On the access-to-care issues frightening some Medicaid recipients and advocates, he said, he is convinced no one in a group home or nursing home as of Nov. 1, 2008, will be booted out; reassured that the state has an escape clause if the $12.1-billion, five-year cap on Medicaid spending that is part of the deal proves untenable; and encouraged by the prospect the state will be able to get federal matching dollars for the first time for an array of services that might enable people to stay in their homes that are currently ineligible for reimbursement or paid for entirely with state dollars.
He had no comment when asked how he would explain the deep disparity in how Rhode Island’s state and federal lawmakers view the waiver.
Langevin said: “My first priority is ensuring that Rhode Island’s low-income, elderly and disabled citizens continue to receive access to the health care services they need, particularly during an economic crisis that has left families strapped.”
In its briefing papers, the Carcieri administration asserted the new Medicaid spending cap would not compromise Rhode Island’s ability to get a potential $70 million in additional Medicaid dollars from a stimulus package aimed at helping the states, in their varying degrees of budget crisis, pay their bills.
On this point, Costantino had concern. While details of the stimulus package are evolving, Costantino said, “a lot of the talk is if you touch eligibility you are not eligible for the stimulus package … so I am not quite sure what they are saying.”
In an e-mail newsletter that went out yesterday, Carcieri said again the state simply cannot afford the $1.7-billion cost of the current state and federally subsidized Medicaid program, which makes up 25 percent of the state budget and that is rising at a rate of 7 percent a year, “far greater than the 1.8 percent in state revenue growth.”
“In order to sustain the Medicaid services so many depend upon,” Carcieri said, “we have sought this accord with the federal government … to design and deliver programming that will be more consumer oriented and directed, promote community and home care, emphasize prevention, and, at the same time, lower costs.”
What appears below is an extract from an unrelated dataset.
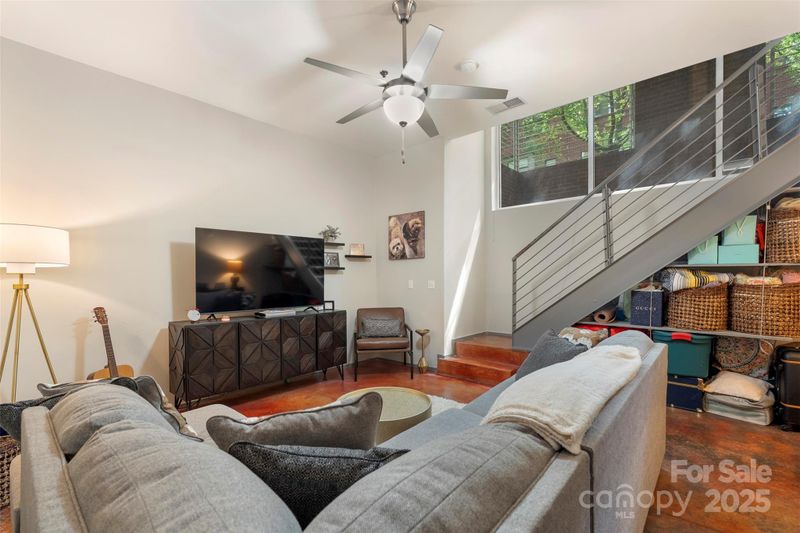 297 Mcdonald Ave, Charlotte, NC 28203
The state currently has no Medicaid director; the waiver package was crafted and negotiated, in part, by the Lucas Group, a private consulting firm with offices in Boston and Toronto that has no paid role yet in the administration of the new Medicaid structure. Carcieri spokeswoman Amy Kempe said the firm is “welcome to submit a bid” if the state decides to seek outside help.
Asked what exactly these unpaid consultants did, she said; “The Lucas Group was very helpful in the negotiation process with the federal government, offering [on a voluntary basis] assistance, however negotiations were led by” Gary Alexander, director of the state Department of Human Services, Carcieri chief of staff Brian Stern “and a team of senior level staffers at DHS.”
Alexander has been unable over a two-day period to detail who within the existing “home-based and community service” network received a 10-percent rate increase in November, and how their rates changed. But in an e-mailed response to a second day of questions, he said the $4.6-million hike “is conditional on a demonstrated increase in … capacity for these services.”